Aprì la porta ed invitò l’inglese, Yanez e Darma ad entrare; poi, mentre i suoi uomini armavano precipitosamente i fucili, volgendosi verso un vecchio che stava fumando in un angolo, presso la finestra, gli chiese, indicandogli Yanez:

— Signor governatore, conoscete quest’uomo? Guardatelo bene e ditemi se non è uno di quelli che ci rubarono la provvista di carbone affidataci dal Governo inglese.

— Ah, briccone! — esclamò il portoghese, furioso.

Il vecchio si era prontamente alzato guardando Yanez, il quale già con la sua invettiva si era tradito.

— Sì, è lui che ci ha imposto la consegna del carbone! — gridò il governatore. — Ora non ci sfuggirai, mio caro, e ti faremo appiccare dai marinai inglesi e sull’albero più alto della loro nave. Pirata!

— Io pirata! — esclamò Yanez alzando il pugno.

Sir Moreland fu pronto ad intervenire.

— Nessuna violenza quando si trova qui un capitano di Sua Maestà la Regina d’Inghilterra.

Il vecchio che pareva non si fosse nemmeno accorto, fino allora, della presenza dell’anglo-indiano, lo guardò con stupore.

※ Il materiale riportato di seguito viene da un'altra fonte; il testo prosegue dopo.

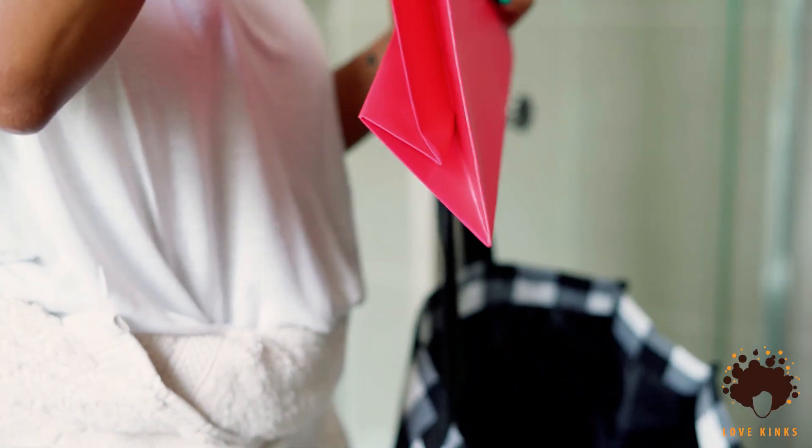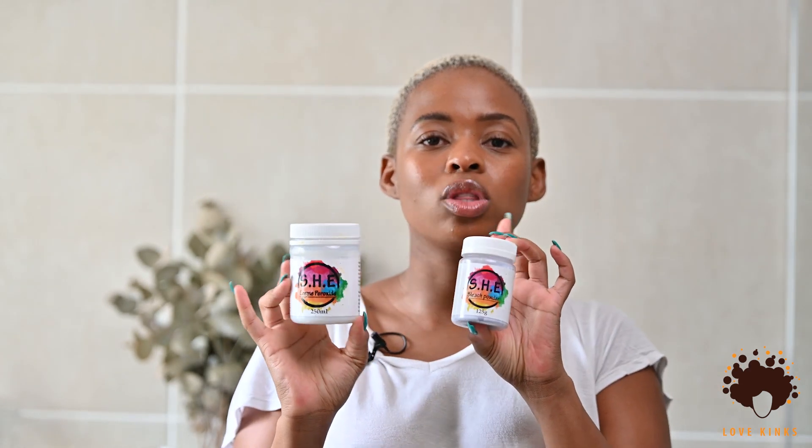In my first video about my hairstyle, I mentioned I was struggling to get to platinum blonde — it was quite orange and brassy. Someone recommended a company called the South African Hair Emporium. When I tried to order from them, they offered to send me products for free, so I'm featuring them in this video. You can find them on Instagram and I'll drop their details in the description box. They sent me quite a number of things — different colors, blue, green, yellow — and also lashes and lash glue.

— Chi siete voi? — chiese.

— Guardate l’abito che indosso ed i gradi che brillano ancora sulle mie maniche.

— È approdata la vostra nave?

— La mia è stata affondata dopo un terribile combattimento, al largo di Mangalum, dalle artiglierie del corsaro.

— Non appartenete a quella che ci è stata segnalata ieri sera?

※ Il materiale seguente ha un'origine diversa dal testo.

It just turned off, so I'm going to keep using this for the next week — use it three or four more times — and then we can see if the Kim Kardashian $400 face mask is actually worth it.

— No, perchè sono stato raccolto sulle scogliere dell’isolotto.

— Insieme a quest’uomo? — chiese il governatore, il cui stupore aumentava.

— Sì, insieme a lui ed a questa miss, salvata da noi durante l’uragano.

— E voi, capitano inglese, eravate insieme ai corsari! Là, là! Voi siete un ben abile commediante, ma io non sono così sciocco da credere alle vostre chiacchiere.

— Ci aveva prima narrato di essere naufragato — disse uno degli isolani.